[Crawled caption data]
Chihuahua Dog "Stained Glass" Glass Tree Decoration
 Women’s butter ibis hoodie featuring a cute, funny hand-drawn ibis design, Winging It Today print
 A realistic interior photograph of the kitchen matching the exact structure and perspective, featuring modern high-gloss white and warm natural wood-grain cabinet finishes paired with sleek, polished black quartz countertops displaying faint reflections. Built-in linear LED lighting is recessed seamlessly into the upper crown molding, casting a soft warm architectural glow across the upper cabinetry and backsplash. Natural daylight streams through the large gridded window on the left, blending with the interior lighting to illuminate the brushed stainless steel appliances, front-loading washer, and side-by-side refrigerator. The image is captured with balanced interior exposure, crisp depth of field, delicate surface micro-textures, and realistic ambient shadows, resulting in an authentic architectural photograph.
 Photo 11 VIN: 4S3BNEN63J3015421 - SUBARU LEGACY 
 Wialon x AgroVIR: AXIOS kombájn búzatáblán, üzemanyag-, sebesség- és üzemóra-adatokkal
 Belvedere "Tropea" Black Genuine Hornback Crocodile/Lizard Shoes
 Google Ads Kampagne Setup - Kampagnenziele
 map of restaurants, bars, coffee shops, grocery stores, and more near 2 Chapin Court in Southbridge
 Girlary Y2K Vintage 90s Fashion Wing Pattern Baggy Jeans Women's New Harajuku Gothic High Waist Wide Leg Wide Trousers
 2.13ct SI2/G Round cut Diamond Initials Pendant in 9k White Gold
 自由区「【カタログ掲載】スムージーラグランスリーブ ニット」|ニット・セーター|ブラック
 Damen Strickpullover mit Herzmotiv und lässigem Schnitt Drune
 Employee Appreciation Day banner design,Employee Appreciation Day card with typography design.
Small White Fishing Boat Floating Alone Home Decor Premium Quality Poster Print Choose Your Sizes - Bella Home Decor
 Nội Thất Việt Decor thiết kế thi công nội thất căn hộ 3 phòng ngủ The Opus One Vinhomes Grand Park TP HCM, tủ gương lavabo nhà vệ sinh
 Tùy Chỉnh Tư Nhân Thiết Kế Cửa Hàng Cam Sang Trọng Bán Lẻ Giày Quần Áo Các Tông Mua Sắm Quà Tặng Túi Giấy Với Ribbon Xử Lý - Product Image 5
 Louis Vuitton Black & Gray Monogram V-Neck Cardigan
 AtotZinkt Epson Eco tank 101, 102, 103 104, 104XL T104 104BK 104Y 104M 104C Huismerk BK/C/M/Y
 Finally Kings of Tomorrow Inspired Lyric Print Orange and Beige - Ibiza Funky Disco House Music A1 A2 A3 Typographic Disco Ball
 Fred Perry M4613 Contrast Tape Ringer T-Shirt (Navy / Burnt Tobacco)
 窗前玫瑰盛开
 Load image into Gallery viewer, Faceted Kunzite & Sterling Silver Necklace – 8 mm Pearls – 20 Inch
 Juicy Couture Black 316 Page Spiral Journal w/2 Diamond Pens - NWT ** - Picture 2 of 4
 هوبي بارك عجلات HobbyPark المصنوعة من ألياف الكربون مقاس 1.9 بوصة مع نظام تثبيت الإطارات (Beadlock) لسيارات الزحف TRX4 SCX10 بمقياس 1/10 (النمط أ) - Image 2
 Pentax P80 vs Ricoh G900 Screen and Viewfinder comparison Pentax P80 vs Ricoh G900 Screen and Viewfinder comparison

Problem to work on:
Exactly as they stand, please print the lines from the first line of the records above down to the line that includes "Women’s butter ibis", both of those included and no others.

Response to this exercise:
Chihuahua Dog "Stained Glass" Glass Tree Decoration
 Women’s butter ibis hoodie featuring a cute, funny hand-drawn ibis design, Winging It Today print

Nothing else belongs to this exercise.